Hommage à Abdoulaye Ciré Ba

Très cher grand frère Ablaye,

Lors de notre dernier entretien téléphonique, à ton retour de Tunis, j’ai volontairement abrégé notre conversation qui n’a duré que quelques secondes. J’avais le cœur lourd, très lourd. Quand tu me disais : « tu vois migname (jeune frère), tout s’écroule en même temps. Même la voix qui a toujours été le plus fidèle de mes compagnons, me lâche à présent », j’ai compris que c’était une manière de me dire adieu. Et depuis, je n’ai pas eu le courage de croiser ton regard ou d’écouter ta voix. Oui, je n’ai pas un courage semblable au tien ; regarder la mort en face et même la titiller.

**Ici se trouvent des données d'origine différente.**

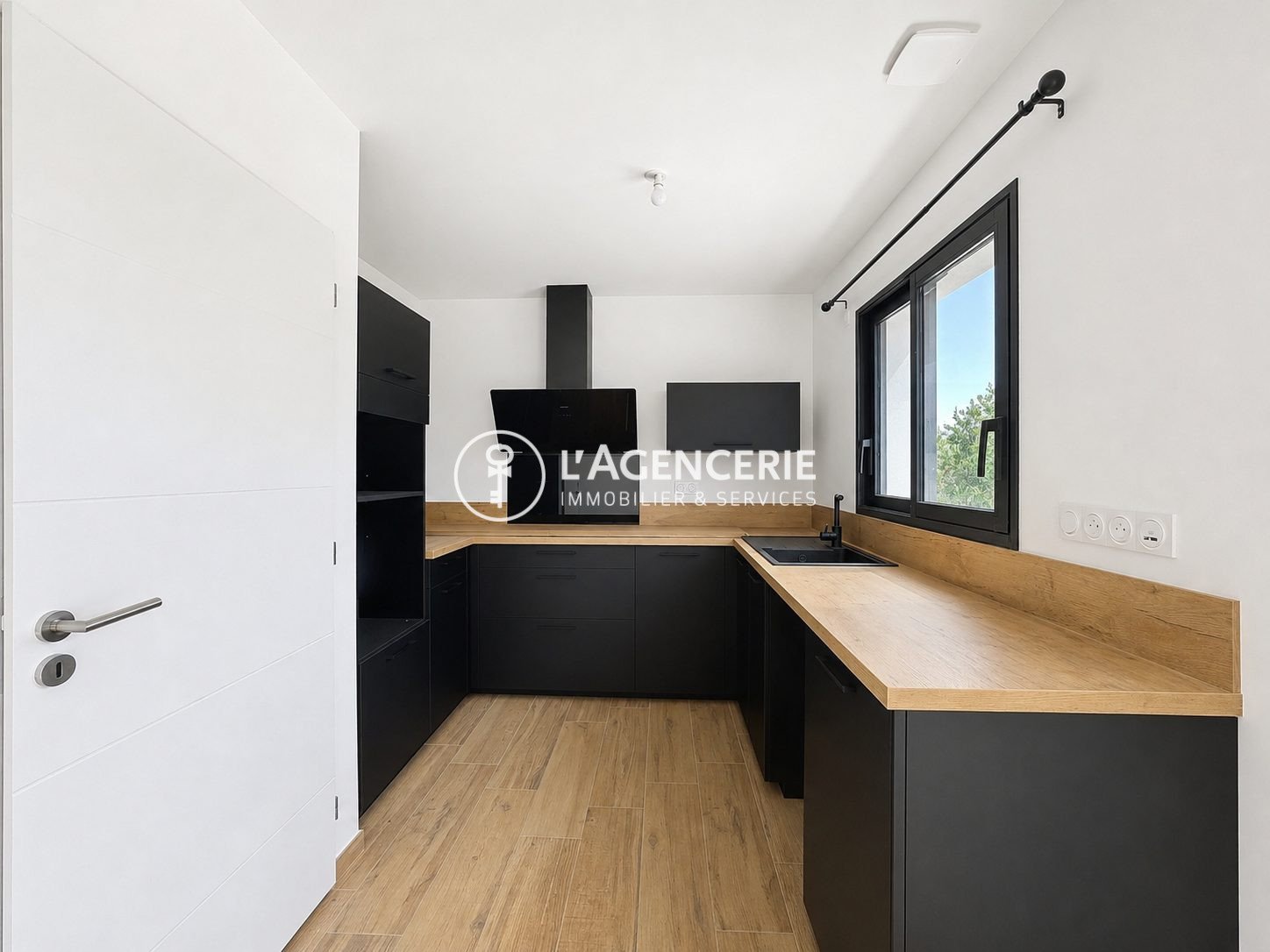 Maison à louer, 91m², Puygouzon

Ce matin, après avoir prié sur ta dépouille, j’ai le cœur léger. C’est probablement le cas des dizaines de personnes qui ont sacrifié leur repos hebdomadaire pour venir prier pour toi et te dire adieu, sachant que « fard kifâyé » les en dispensait. Nul n’était là parce que tu étais riche. Personne n’était là aussi parce que tu étais puissant. Tous n’étaient là que par devoir et par amitié, pour rendre un dernier hommage à l’homme d’exception que tu fus. L’assemblée des priant, aux couleurs arc-en-ciel, suait la sincérité, car c’est ta Mauritanie, celle de tes rêves d’enfant et de tes espoirs d’adulte, qui était là ce matin.

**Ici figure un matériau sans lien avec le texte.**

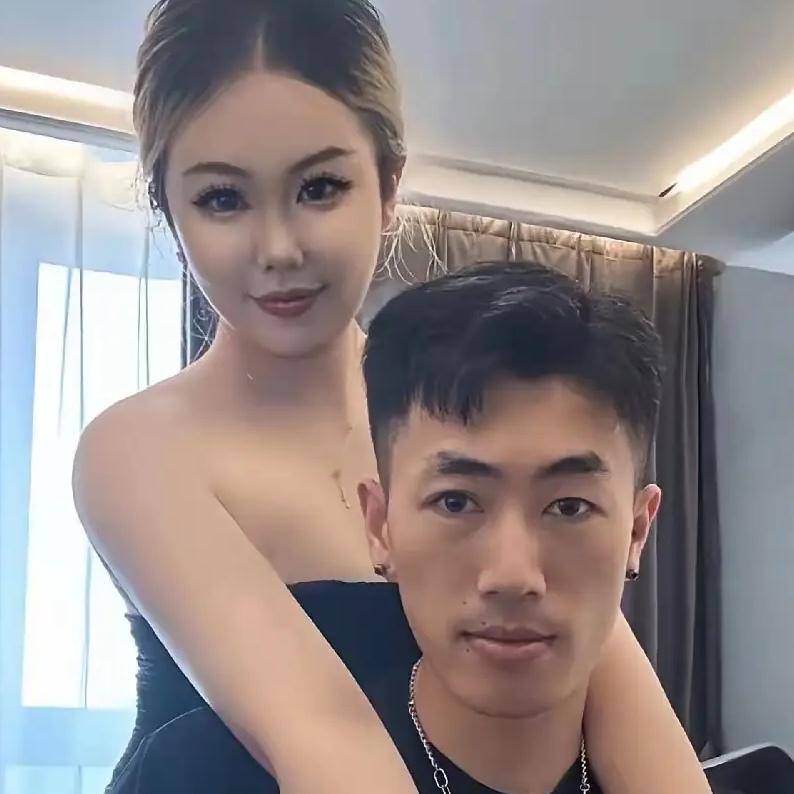 家人们，青岛一护士带男朋友值班这事儿，简直像颗炸弹，在网络上炸开了锅！大家都在指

Ablaye, tu sais bien que nul ne pourra te rendre un hommage semblable à ceux que tu as déjà commis, même au compte approchant, en écriture comme en profondeur. Bien sûr, tu n’aurais jamais accepté que je dise ceci, car tu aurais élégamment classé mon assertion dans le registre de l’art espiègle des torodo, tellement l’humilité est la plus profonde de tes convictions. Mais les faits sont là : Habib l’Iguidien troubadour universel, l’Imam Bouddah l’homme pour l’humanité, Karim Ba le berger des étoiles, la douce marche sur les rêves de Mohamed ould Homody, l’ami Médoune un étranger si étrange, resteront à tout jamais des chefs-d’œuvre inimitables.

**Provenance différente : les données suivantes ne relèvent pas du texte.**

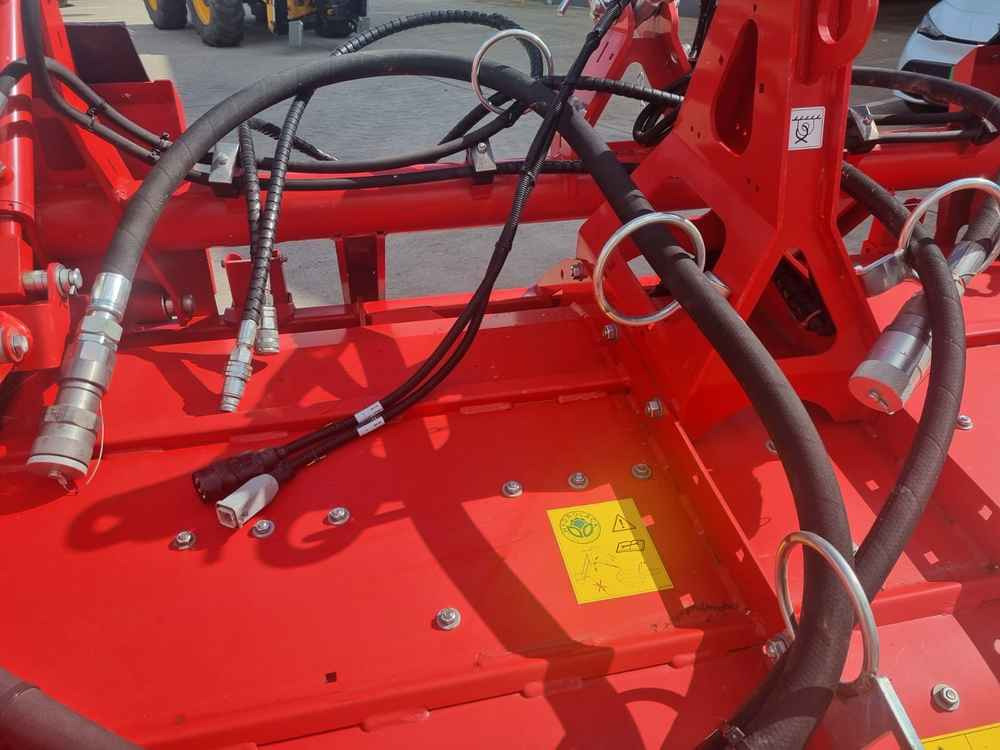 Grimme Grimme HT 200 Front Mounted Self-Propelled Topper - Kombajn: obrázek 3 Grimme Grimme HT 200 Front Mounted Self-Propelled Topper - Kombajn: obrázek 3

Je voudrais te dire ce que je n’ai jamais pu te dire. Ta rencontre a bouleversé ma vie. Quand j’étais venu travailler avec toi au journal L’Unité, un quart de ma jeunesse encore bien porté, je ne doutais point de moi-même. Officiant à l’université comme enseignant, je suais la suffisance. Le militant de gauche que je suis était plein de certitudes. Et puis, quelques sédiments culturels enfouis dans le tréfonds de mon être social, s’exhumaient épisodiquement tel un péléen en éruption, de pitoyables trébuchements intellectuels. A tes côtés, j’ai appris les arts de l’écriture, la sagesse de l’écoute, la vanité de la suffisance, les vertus de la tolérance, le sens profond de l’humilité, la fidélité aux principes, le désir itératif d’apprendre des autres et aux autres et surtout la quintessence du mot Juste.
Je voudrais te dire aussi merci pour l’exemple que tu fus, et merci surtout pour l’immense richesse que tu laisses, non pas à tes héritiers seulement, mais à tout le pays de tes rêves. Te lire c’est visiter un espace de citoyenneté vraie, te relire c’est apprendre une leçon de vie. 
Adieu mon maître.
Puisse ALLAH, dans son infinie bonté, te couvrir de sa Grâce et t’accorder une place de choix dans son céleste paradis.